Visor de eventos de Windows que muestra un archivo seleccionado, llamado Archivo, y la opción de editar la cadena. El campo Datos de valores está resaltado y muestra la ruta del log

A continuación, añada el nombre completo del archivo de logs como valor de cadena (REG_SZ) llamado “Módulo primario”:

Visor de eventos de Windows que muestra un archivo seleccionado, llamado Módulo primario, y la opción de editar la cadena. El campo Datos de valores está resaltado y muestra el nombre completo

Por último, añada la ruta a la DLL (wevtapi.dll) de la API del log de eventos de Windows, que debe estar en %SystemRoot%\system32\wevtapi.dll como un valor de cadena expandible con el nombre “DisplayNameFile”:

Visor de eventos de Windows que muestra un archivo seleccionado, llamado DisplayNameFile, y la opción de editar la cadena. El campo Datos de valores está resaltado

Los cambios deberían ser inmediatos. Para confirmar que el log de eventos es accesible a través de la clase Win32_NTLogEvent WMI, reintenta la consulta anterior. A continuación, puedes continuar añadiendo eventos al archivo de configuración de la integración del Visor de eventos.
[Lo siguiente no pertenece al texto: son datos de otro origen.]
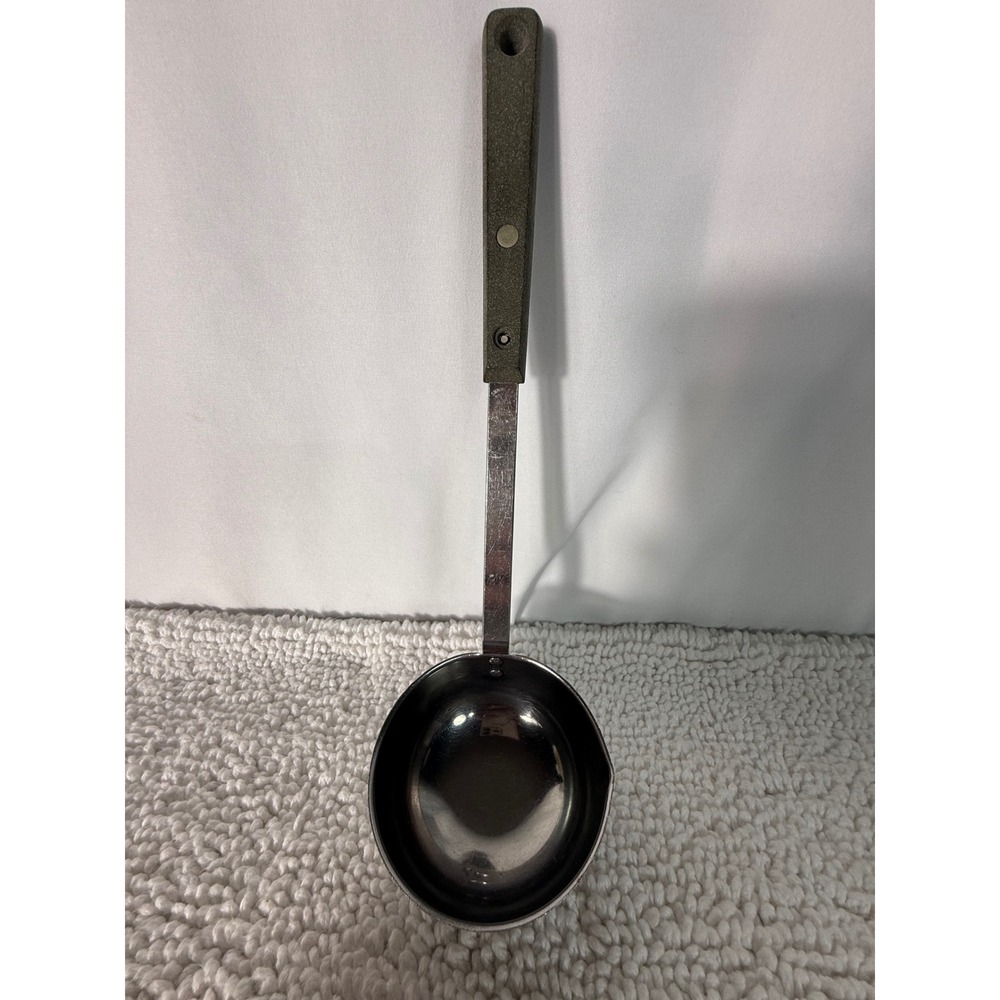 Vintage Ekco Forge Stainless Steel Ladle with Pour Spout‎ USA Made Silver Grey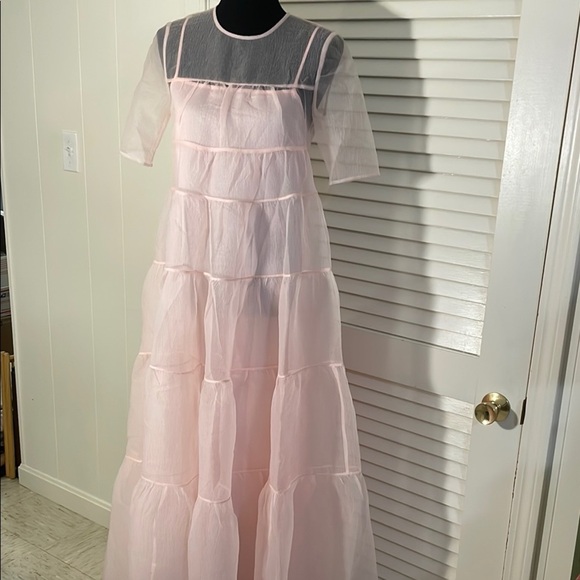 STAUD Hyacinth Organza Shell Light Pink 2 Piece NWT Stunning Maxi Dress - Picture 2 of 16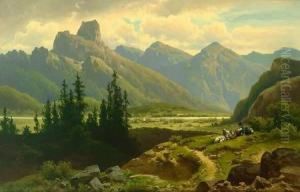 Malerische Flusslandschaft In Den Alpen Mit Gebirgspanorama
Nota: Si sigue sin haber eventos al ejecutar la consulta, comprueba el Visor de eventos para confirmar si hay algún evento en el archivo de logs. Además, asegúrate de que el log de eventos no está desactivado y de que hay eventos recientes disponibles.

Visor de eventos de Windows que muestra una lista de acciones a la derecha. La acción de activación de logs está resaltada con una nota para indicar que se pueden activar logs allí.